• **Dataset records**:
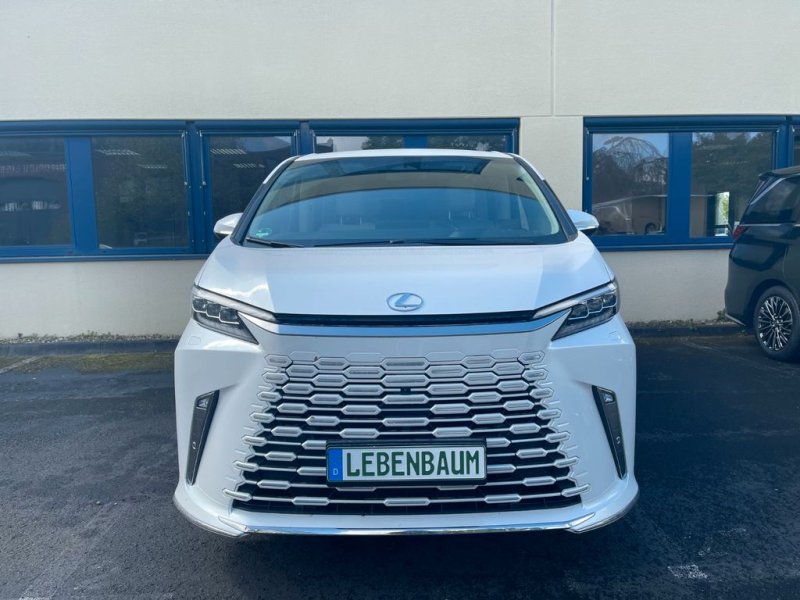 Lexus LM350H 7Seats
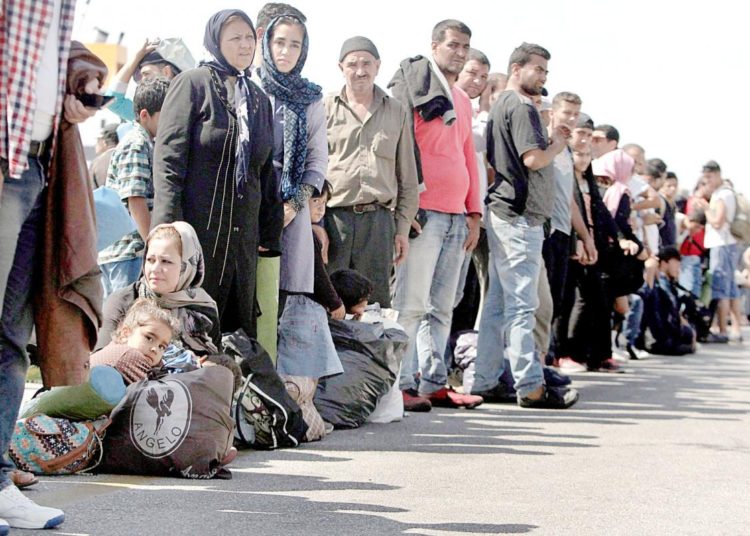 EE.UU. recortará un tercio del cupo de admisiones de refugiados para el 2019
---
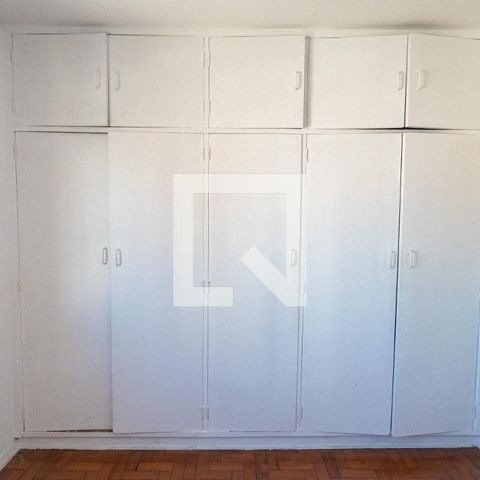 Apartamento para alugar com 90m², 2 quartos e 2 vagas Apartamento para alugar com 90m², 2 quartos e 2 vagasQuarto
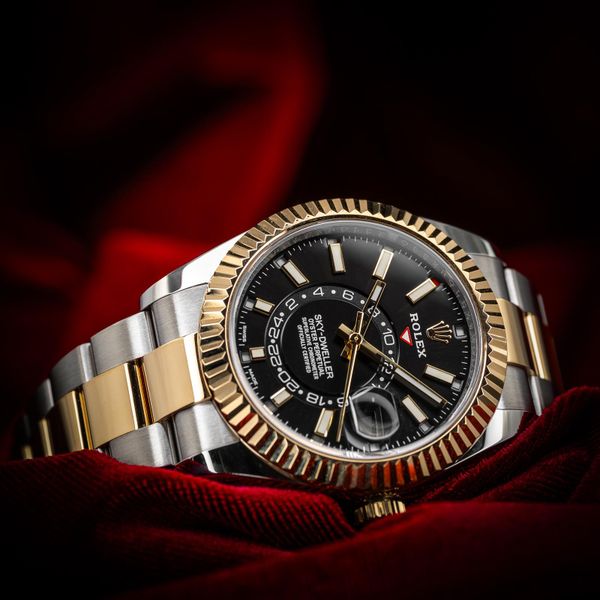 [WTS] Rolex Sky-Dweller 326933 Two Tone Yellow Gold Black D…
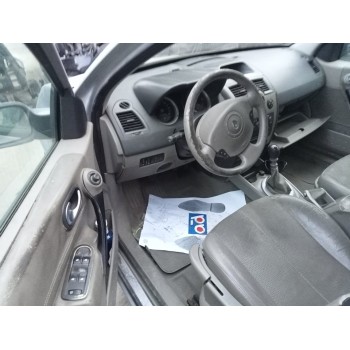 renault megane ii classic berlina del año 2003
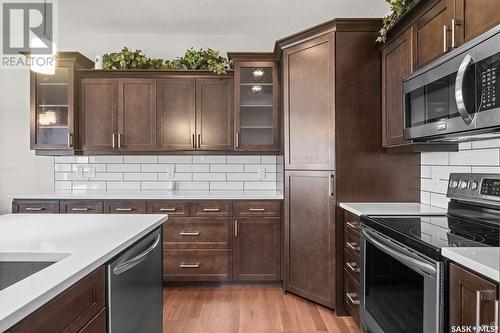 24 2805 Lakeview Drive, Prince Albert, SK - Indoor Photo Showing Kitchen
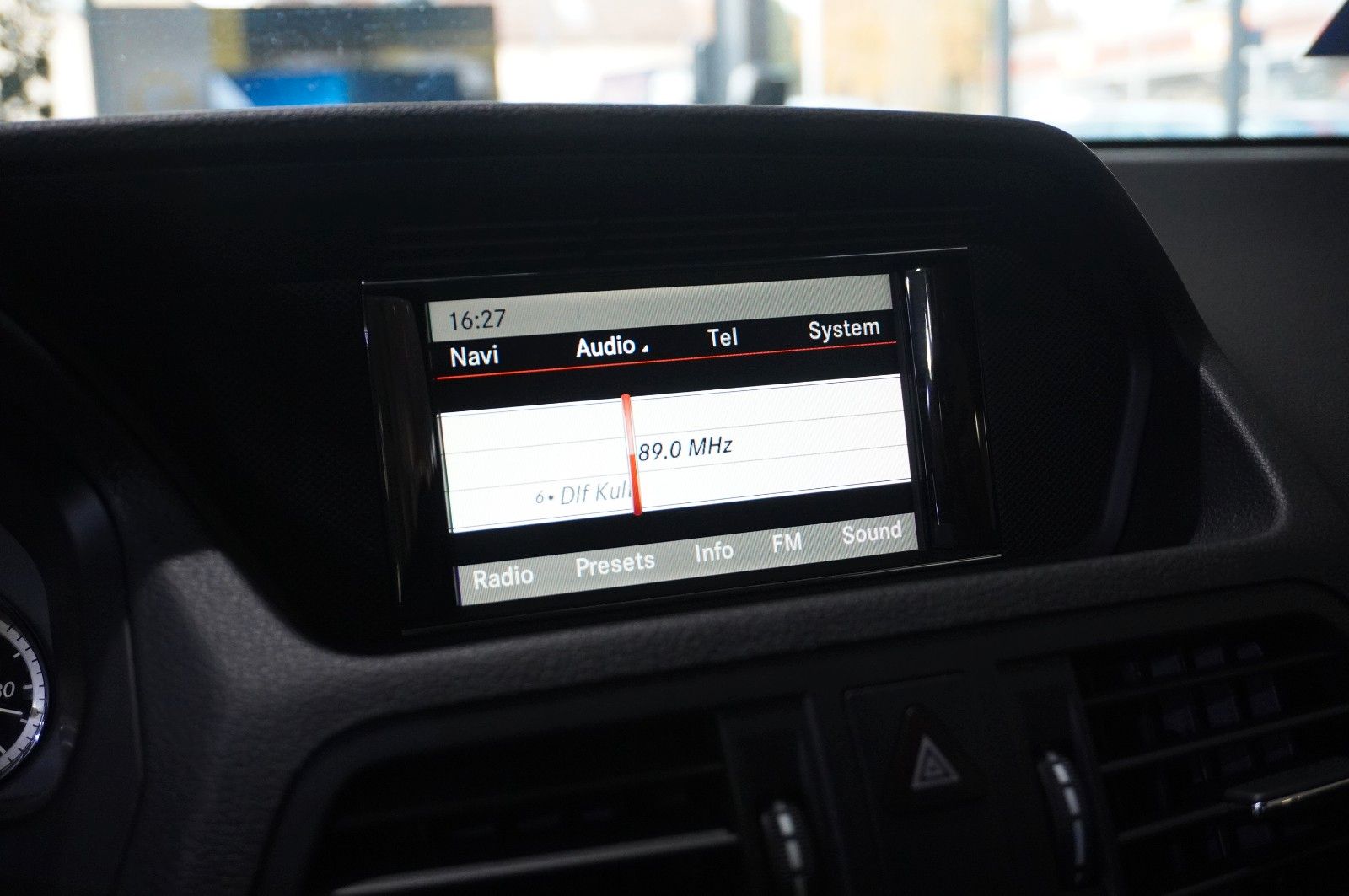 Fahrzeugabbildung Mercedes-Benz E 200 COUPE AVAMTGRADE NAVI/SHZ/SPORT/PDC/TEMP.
* * *
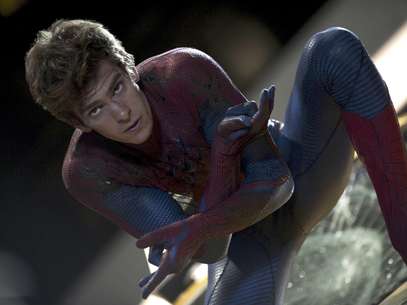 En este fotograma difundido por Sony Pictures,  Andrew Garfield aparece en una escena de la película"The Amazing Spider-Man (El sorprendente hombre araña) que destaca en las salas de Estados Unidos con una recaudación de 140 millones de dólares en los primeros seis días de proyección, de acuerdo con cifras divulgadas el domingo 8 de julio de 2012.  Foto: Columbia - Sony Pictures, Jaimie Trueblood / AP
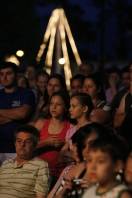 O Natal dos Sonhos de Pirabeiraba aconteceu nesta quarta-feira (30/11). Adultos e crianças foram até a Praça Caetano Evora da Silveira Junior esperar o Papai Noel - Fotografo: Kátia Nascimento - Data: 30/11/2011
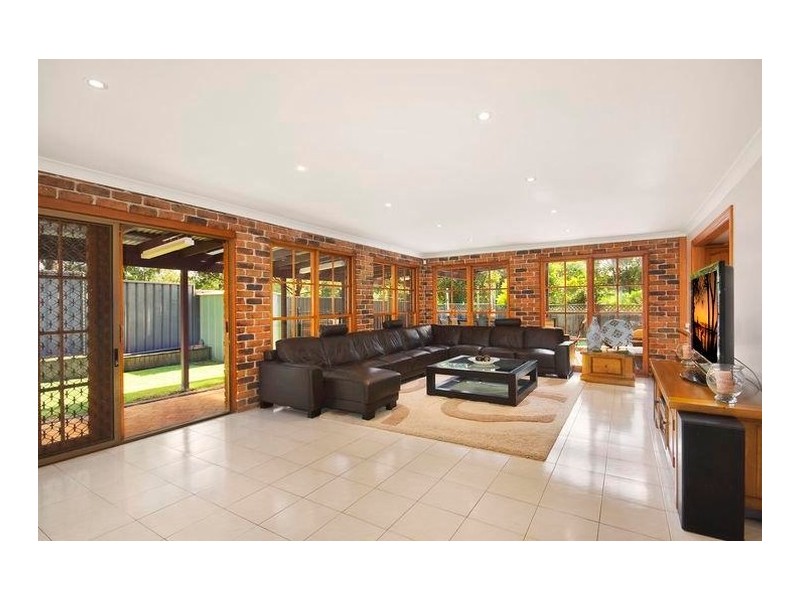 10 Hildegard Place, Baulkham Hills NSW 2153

• **About this task**:
Would you please reproduce the entries above, starting at the line with "Lexus LM350H 7Seats" and stopping after the line with "EE.UU. recortará un"? Omit any pictures.

• **Exercise result**:
 Lexus LM350H 7Seats
 EE.UU. recortará un tercio del cupo de admisiones de refugiados para el 2019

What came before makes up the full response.